En l’espèce, il résulte des éléments du dossier que F G a été placé en hospitalisation d’office au centre H I de MELUN dès le 6 septembre 2012, après levée de la mesure de garde à vue dont il faisait l’objet pour des faits de violence avec arme (couteau) manifestement orientés vers ses proches et voisins, suite à son examen en garde à vue par un médecin psychiatre, le docteur Z ayant conclu à un trouble délirant persécutif patent, à un trouble psychique ayant aboli le discernement de l’intéressé au moment des faits reprochés, concluant à son irresponsabilité pénale ; ce médecin psychiatre relevait la dangerosité manifeste de F G.
Les certificats postérieurs, dont celui du docteur A, extérieur au centre hospitalier H I, comme celui de 24 h établi par le docteur B, puis celui de 72 H établi par le docteur C établissent la persistance des troubles délirants avec adhésion totale du patient à ceux-ci, outre un comportement agressif, comme l’absence de toute critique par le patient, voire une banalisation de ses actes et ses comportements.
Si le certificat de huitaine mettait en exergue une amélioration progressive de l’état psychique du patient en lien avec le traitement administré, il relevait aussi le déni de ses troubles par le patient, lequel ne considérerait pas nécessaire de suivre un traitement, position au jour de l’audience vérifiée puisque le patient a fugué du service le 16 septembre 2012 et se retrouve à ce jour en rupture des soins tout juste amorcés depuis le 6 septembre 2012.

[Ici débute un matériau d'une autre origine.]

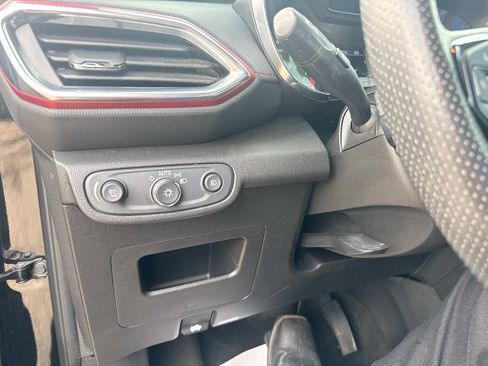 Used 2022 Chevrolet TrailBlazer RS FWD image 31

Il ressort en outre du rapport du docteur Z que F G, âgé de 32 ans, marié, sans profession et bénéficiaire de l’allocation adulte handicapé, a des antécédents psychiatriques, pour avoir été déjà hospitalisé en 2011 au centre hospitalier de MELUN pour des troubles du comportement avec administration d’un traitement neuroleptiques, le dit rapport E état d’une fugue de la chambre d’isolement ayant entraîné une fracture d’un membre inférieur, outre une absence de tout suivi après sa sortie d’hospitalisation.
Ces éléments rapprochés de la fugue actuelle de F G suffisent à établir le déni des troubles par le patient et son refus de soins.
Au vu des éléments qui précèdent, de l’absence manifeste par F G de critique de son comportement violent avec usage d’une arme à l’endroit de ses proches ayant conduit à son hospitalisation d’office, en lien avec des troubles délirants dont il n’a pas conscience de la gravité pour avoir fait choix de quitter sans autorisation l’établissement psychiatrique et rompre le traitement administré depuis son hospitalisation, outre l’avis concordants de tous les médecins psychiatres ayant eu à l’examiner dans le cadre de cette procédure et concluant à un délire de persécution et d’interprétation auquel le patient adhère totalement, le conduisant à des actes hétéro-agressifs, il convient d’ordonner la poursuite de la mesure d’hospitalisation complète.
PAR CES MOTIFS
Le juge des libertés et de la détention du tribunal de grande instance de Melun, après débats en audience publique au siège dudit tribunal par décision réputée contradictoire susceptible d’appel,
Ordonne la poursuite de la mesure d’hospitalisation complète de F G ;
Laisse les dépens à la charge de l’Etat.
Fait et jugé à Melun, le 20 septembre 2012 à 10 heures.